PROBLEM:
A faithful transcription of all lines below is the expected answer.

GIVEN INFORMATION:
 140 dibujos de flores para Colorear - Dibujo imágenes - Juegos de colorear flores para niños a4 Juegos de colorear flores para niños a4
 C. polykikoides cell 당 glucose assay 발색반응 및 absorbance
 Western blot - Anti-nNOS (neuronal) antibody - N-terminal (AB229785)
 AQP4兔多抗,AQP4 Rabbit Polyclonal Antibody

REPLY:
 140 dibujos de flores para Colorear - Dibujo imágenes - Juegos de colorear flores para niños a4 Juegos de colorear flores para niños a4
 C. polykikoides cell 당 glucose assay 발색반응 및 absorbance
 Western blot - Anti-nNOS (neuronal) antibody - N-terminal (AB229785)
 AQP4兔多抗,AQP4 Rabbit Polyclonal Antibody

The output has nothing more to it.